Belum lagi menurut ELSAM, UU PDP juga seperti memberikan cek kosong pada Presiden dalam artian, tidak secara detail mengatur perihal kedudukan dan struktur kelembagaan otoritas ini.
"Sehingga ‘kekuatan’ dari otoritas yang dibentuk akan sangat tergantung pada ‘niat baik’ Presiden yang akan merumuskannya," tegas Djafar.
Kondisi tersebut makin problematis dengan ‘ketidaksetaraan’ rumusan sanksi yang dapat diterapkan terhadap sektor publik dan sektor privat ketika melakukan pelanggaran.
Bila melakukan pelanggaran, sektor publik hanya mungkin dikenakan sanksi administrasi yang tertuang dalam Pasal 57 ayat 2.
Baca juga: Disahkannya UU PDP Bisa Membuat Konsumen Semakin Nyaman Bertransaksi Digital
Sedangkan sektor privat, selain dapat dikenakan sanksi administrasi, juga dapat diancam denda administrasi sampai dengan 2 persen dari total pendapatan tahunan atau pada Pasal 57 ayat 3.
"Bahkan dapat dikenakan hukuman pidana denda mengacu pada Pasal 67, 68, 69, 70," ucap nya.
Atas hal itu, pihaknya berpandangan, meski rumusan penegakkan hukum pada UU PDP ini berlaku mengikat baik bagi privat maupun sektor publik, namun dalam penerapan penegakkan hukumnya berpotensi menciptakan ketidaksetaraan.

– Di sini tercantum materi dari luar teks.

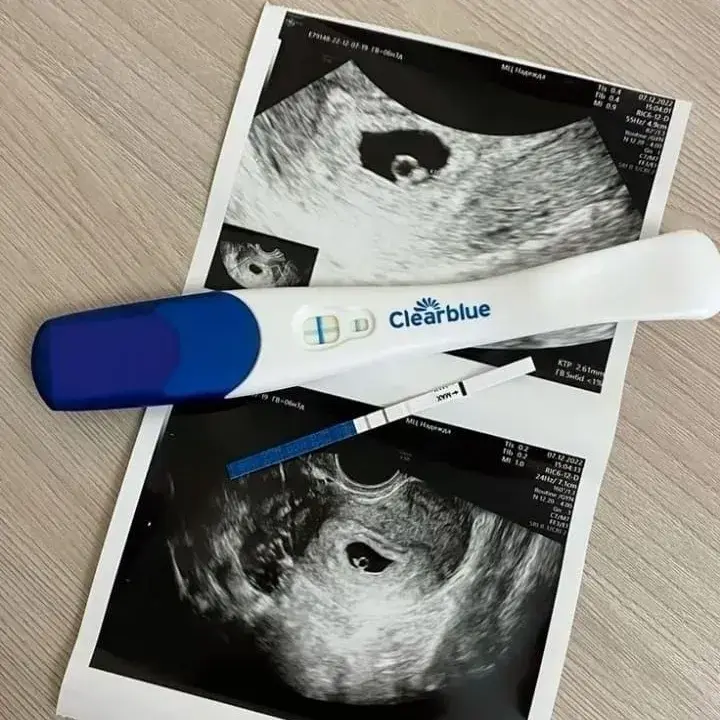 BiasedGesso2115의 Kwon Jihun & Han Yongbok - The Surprise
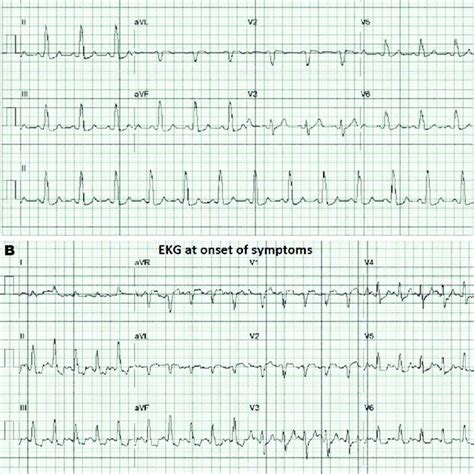 A And B Electrocardiographic Changes Obtain During Treadmill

"Dengan rumusan demikian, meski disebutkan undang-undang ini berlaku mengikat bagi sektor publik dan privat, dalam kapasitas yang sama sebagai pengendali/pemroses data, namun dalam penerapannya, akan lebih bertaji pada korporasi, tumpul terhadap badan publik," tukas dia.